DATA IN THIS EXERCISE:
§

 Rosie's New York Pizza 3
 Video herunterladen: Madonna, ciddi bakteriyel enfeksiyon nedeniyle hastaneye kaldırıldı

§

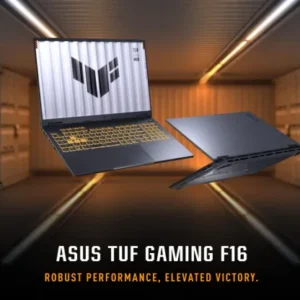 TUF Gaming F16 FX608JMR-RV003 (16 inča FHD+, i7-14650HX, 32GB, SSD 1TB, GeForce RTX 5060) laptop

§

YOUR ASSIGNMENT:
Starting with the line that holds "Rosie's New York Pizza 3" and ending with the line that holds "Video herunterladen: Madonna, ciddi", retype every line in the data above exactly, and nothing else.

SOLUTION TO THIS PROBLEM:
 Rosie's New York Pizza 3
 Video herunterladen: Madonna, ciddi bakteriyel enfeksiyon nedeniyle hastaneye kaldırıldı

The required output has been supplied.